» What needs to be done: Extract all lines in the data that contain the word "Hotel".

Short descriptive text snippets
◆ ◆ ◆ ◆ ◆ ◆ ◆
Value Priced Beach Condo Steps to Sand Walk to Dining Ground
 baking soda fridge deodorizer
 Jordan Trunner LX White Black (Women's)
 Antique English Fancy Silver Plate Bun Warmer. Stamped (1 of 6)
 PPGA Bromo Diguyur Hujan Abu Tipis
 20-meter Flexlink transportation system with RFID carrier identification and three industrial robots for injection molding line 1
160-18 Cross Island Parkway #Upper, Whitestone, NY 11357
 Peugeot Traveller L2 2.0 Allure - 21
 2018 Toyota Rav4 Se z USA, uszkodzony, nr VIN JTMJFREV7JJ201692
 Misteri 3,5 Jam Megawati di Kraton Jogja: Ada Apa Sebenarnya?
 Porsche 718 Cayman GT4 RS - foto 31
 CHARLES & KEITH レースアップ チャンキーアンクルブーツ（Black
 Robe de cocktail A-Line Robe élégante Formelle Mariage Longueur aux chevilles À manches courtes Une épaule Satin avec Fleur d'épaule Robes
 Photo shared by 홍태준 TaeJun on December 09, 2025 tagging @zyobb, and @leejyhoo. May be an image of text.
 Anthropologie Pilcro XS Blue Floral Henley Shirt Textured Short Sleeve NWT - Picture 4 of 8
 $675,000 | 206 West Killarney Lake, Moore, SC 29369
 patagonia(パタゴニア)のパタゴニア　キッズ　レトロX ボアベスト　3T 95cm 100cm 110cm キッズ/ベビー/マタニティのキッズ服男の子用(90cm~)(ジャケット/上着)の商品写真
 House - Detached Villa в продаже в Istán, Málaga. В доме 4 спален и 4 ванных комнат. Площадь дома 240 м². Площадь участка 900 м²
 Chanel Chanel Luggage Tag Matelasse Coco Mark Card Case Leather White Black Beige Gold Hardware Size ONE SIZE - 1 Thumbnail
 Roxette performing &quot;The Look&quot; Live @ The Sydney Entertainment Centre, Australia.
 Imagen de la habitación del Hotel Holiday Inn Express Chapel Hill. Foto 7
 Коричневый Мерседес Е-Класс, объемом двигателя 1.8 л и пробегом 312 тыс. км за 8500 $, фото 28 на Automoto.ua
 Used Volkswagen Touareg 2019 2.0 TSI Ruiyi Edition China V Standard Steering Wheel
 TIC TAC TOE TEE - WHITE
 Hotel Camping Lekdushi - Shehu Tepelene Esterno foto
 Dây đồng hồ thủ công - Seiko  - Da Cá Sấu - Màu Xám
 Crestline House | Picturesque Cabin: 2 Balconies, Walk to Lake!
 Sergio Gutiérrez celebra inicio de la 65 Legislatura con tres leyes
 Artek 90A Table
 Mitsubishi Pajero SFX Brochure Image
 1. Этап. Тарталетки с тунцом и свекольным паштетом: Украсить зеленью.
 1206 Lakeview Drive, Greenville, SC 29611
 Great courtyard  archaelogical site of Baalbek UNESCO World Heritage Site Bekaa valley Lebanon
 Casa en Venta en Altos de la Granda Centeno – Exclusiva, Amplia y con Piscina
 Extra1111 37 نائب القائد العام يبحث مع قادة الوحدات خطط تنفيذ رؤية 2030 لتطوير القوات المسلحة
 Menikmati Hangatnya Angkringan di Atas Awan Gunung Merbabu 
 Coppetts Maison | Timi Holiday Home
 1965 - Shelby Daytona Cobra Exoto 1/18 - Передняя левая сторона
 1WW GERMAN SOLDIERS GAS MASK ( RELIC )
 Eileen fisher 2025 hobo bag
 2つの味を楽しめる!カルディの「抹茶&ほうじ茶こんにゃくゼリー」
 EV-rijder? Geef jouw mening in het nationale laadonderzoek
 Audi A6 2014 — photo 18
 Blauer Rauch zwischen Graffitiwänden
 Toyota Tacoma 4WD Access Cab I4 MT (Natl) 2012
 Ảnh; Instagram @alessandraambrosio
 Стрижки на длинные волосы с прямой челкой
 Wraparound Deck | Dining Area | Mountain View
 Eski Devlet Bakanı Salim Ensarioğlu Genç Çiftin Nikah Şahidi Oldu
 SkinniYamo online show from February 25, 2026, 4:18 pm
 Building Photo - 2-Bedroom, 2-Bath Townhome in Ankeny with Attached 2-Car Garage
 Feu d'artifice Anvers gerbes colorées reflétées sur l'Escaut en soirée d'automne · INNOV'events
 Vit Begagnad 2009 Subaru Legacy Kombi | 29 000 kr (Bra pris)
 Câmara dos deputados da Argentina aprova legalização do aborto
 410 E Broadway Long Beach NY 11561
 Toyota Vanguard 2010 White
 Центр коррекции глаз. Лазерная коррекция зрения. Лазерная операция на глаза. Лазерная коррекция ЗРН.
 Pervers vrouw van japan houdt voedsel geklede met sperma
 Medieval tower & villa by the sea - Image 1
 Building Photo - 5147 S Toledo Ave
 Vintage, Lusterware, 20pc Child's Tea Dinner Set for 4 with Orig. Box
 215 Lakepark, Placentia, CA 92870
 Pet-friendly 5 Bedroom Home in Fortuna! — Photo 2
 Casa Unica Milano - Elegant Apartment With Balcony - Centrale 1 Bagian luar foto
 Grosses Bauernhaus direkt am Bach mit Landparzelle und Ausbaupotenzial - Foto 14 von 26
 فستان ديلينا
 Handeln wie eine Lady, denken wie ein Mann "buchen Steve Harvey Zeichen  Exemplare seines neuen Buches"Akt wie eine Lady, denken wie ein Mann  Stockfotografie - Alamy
◆ ◆ ◆ ◆ ◆ ◆ ◆
» Answer area:
 Imagen de la habitación del Hotel Holiday Inn Express Chapel Hill. Foto 7
 Hotel Camping Lekdushi - Shehu Tepelene Esterno foto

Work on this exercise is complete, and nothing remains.